Captain Michael Potts, a Montauk charter boat captain, said he thinks the slot limit approach should be reversed: allowing fishermen to keep a small fish, or a very large fish, but making them release fish in the mid range of sizes because those strong fish are the force of the breeding stock. Whether younger fish or very large older fish are more fecund is a long-running debate in fisheries circles, but Capt. Potts anthropomorphizes the matter:

"Take a human, a 25-year-old woman or a 55-year-old woman, which one is going to be able to have more healthy babies?" he said. "I don't think it's the biggest fish, it's the teenagers, and we should be protecting the maximum breeders. Let the scientists figure out which ones are the most effective breeding sizes and protect them."

Across the board, fishermen seem to be in favor of mandating the use of "circle hooks" — a type of dramatically curved hook that tends to catch fish in the lip, rather than deeper in the mouth or gullet — for fishermen using bait to catch striped bass. Even a shortened season was something few fishermen seemed opposed to — although striped bass are often not yet in residence on the East End when the season currently opens on April 15, like they are in New Jersey.

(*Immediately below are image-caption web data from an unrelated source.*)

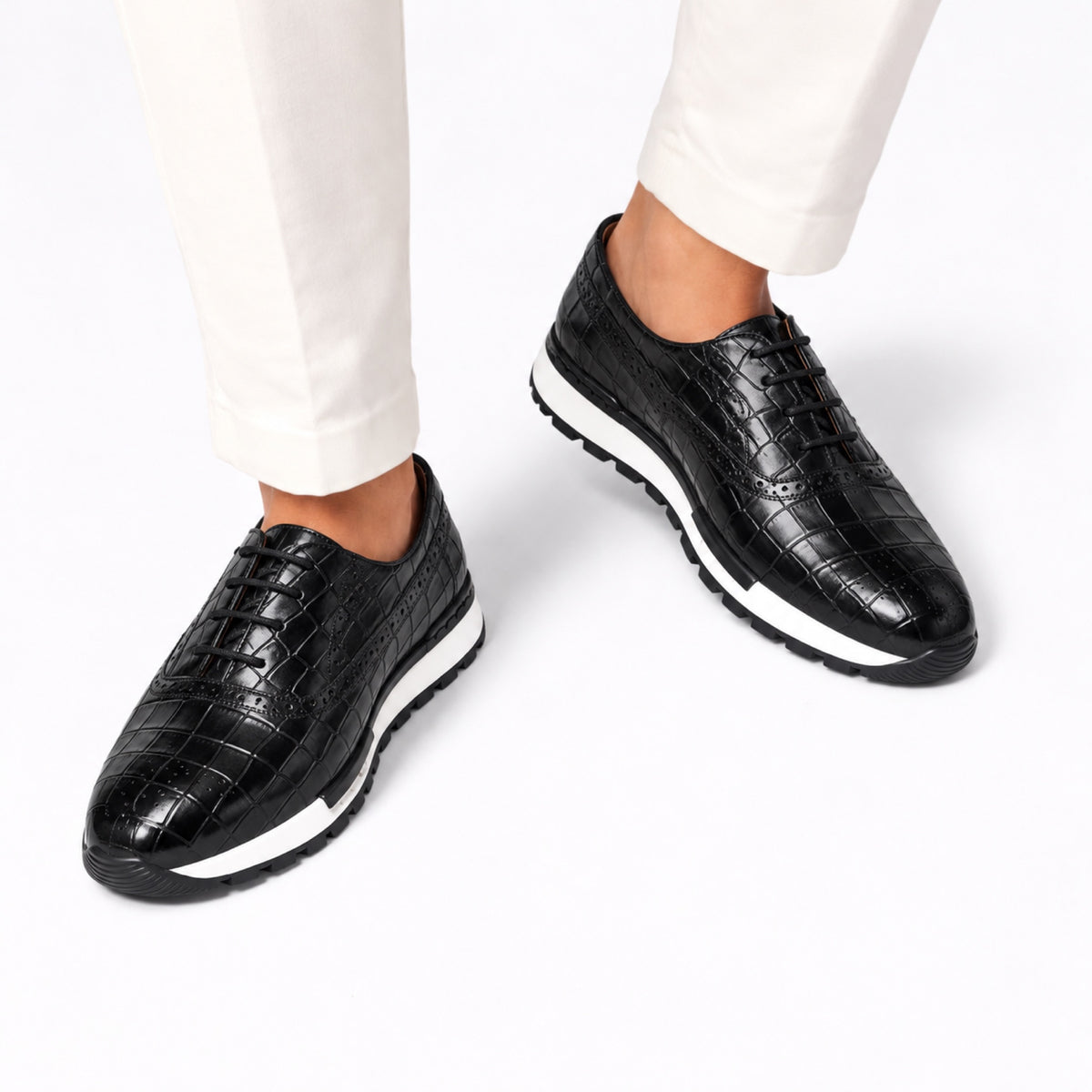 Men's brogue trainers - Black on-feet detail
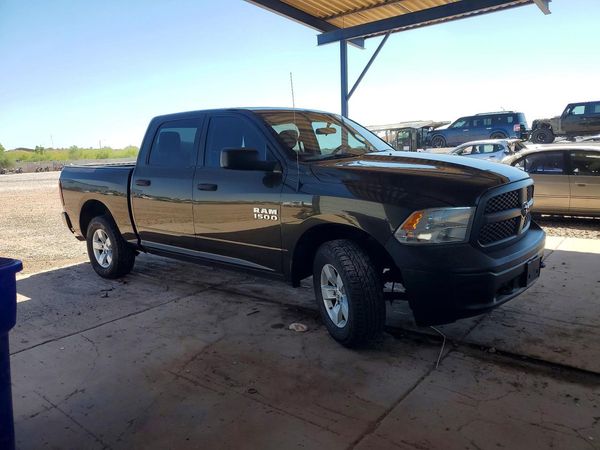 2013 RAM 1500 ST
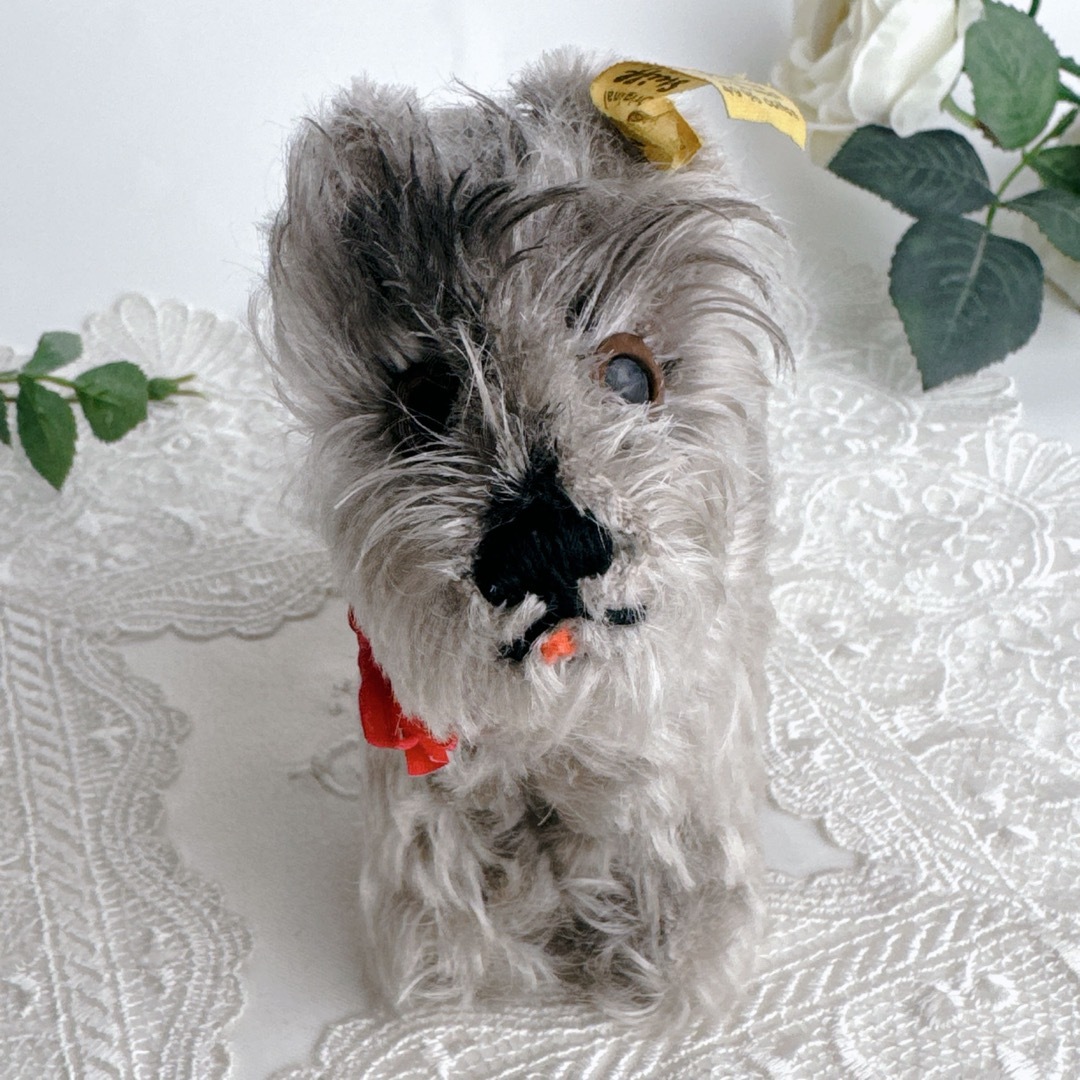 Steiff(シュタイフ)のシュタイフ★Schnauzer Tessie 14㎝★シュナウザーのテッシー/犬 ハンドメイドのぬいぐるみ/人形(ぬいぐるみ)の商品写真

Mr. Poyer said he hopes that whatever the choices made in the regulatory push-and-pull are, the debate and the sting of the coming reductions will change the all-too-human habits of binge and purge when it comes to utilizing a natural resource.

"From a tackle shop owner's standpoint, what drives me most crazy is this roller-coaster of attitudes that we go through," he said. "It's 'kill 'em all' and then we kill too many and it's 'save them all' and then they come back and it's 'kill 'em all' again. We need to change the culture of the fishing community and smooth out this rocky road and we'll all be a lot happier in the long run."